LISTED RECORDS:
• • • • • • •

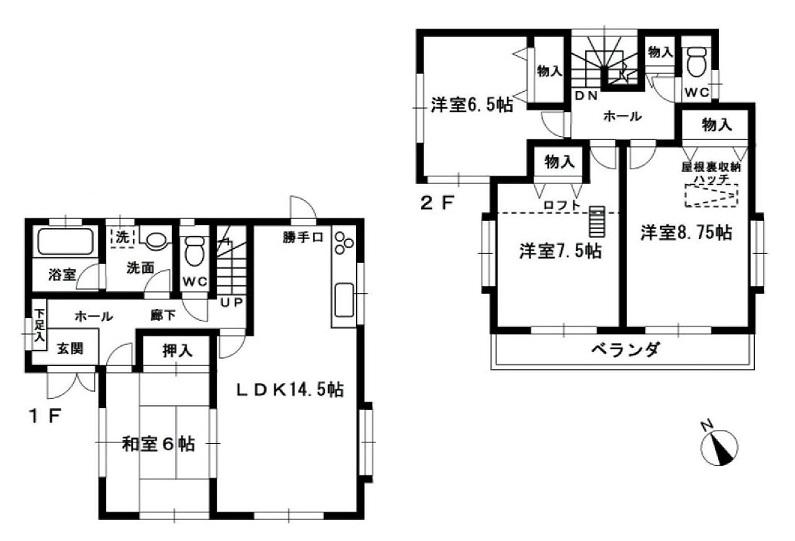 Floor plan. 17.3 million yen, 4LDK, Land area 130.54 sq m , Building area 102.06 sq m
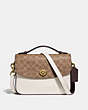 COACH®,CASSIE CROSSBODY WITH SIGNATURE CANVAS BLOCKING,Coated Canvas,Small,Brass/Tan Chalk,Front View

• • • • • • •

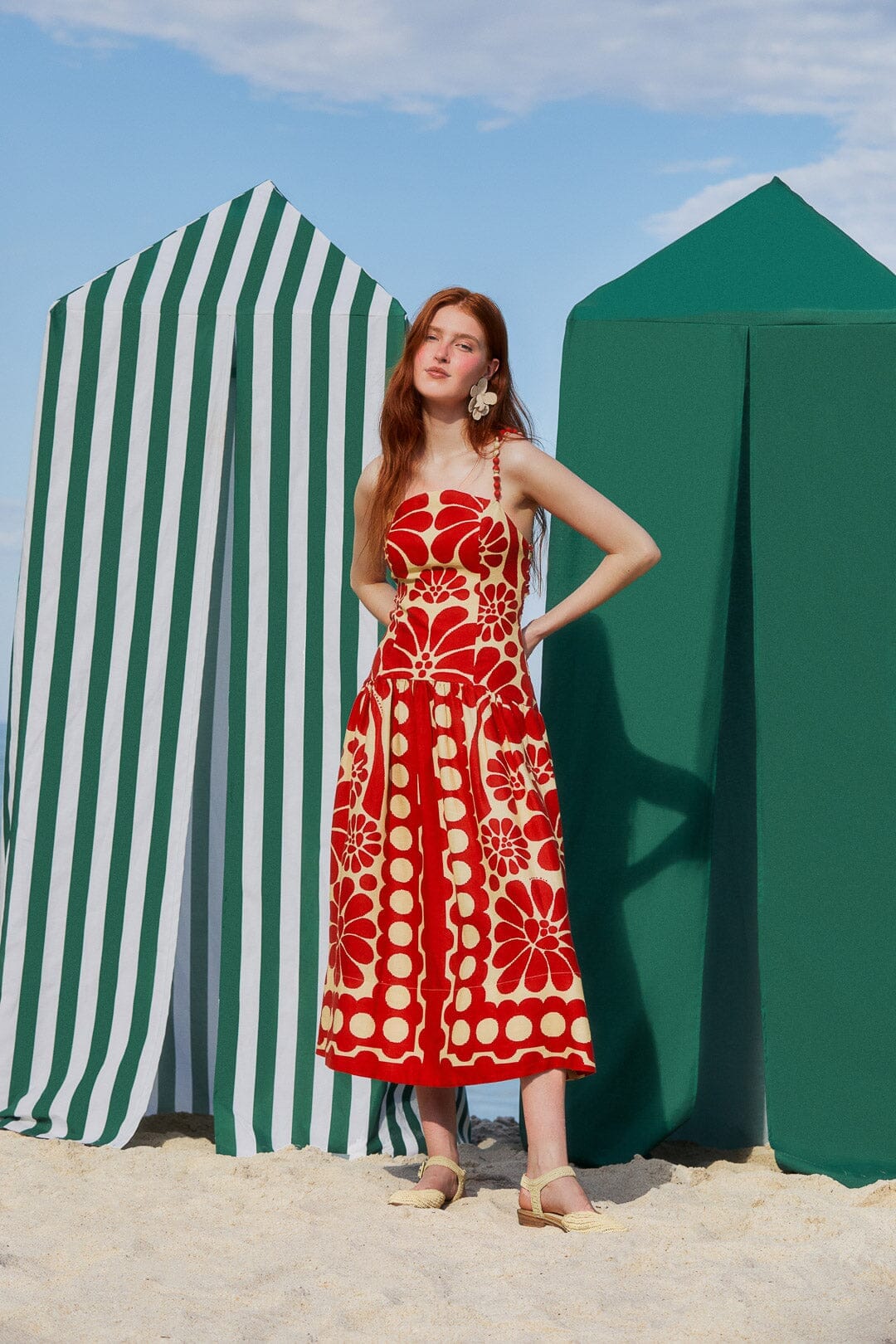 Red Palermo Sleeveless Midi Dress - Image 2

• • • • • • •

YOUR ASSIGNMENT:
Starting at the line with "Floor plan. 17.3" in the entries above, write out every line exactly until the line with "COACH®,CASSIE CROSSBODY WITH" has been written. Include no pictures and nothing more.

SOLUTION FOR THIS EXERCISE:
 Floor plan. 17.3 million yen, 4LDK, Land area 130.54 sq m , Building area 102.06 sq m
 COACH®,CASSIE CROSSBODY WITH SIGNATURE CANVAS BLOCKING,Coated Canvas,Small,Brass/Tan Chalk,Front View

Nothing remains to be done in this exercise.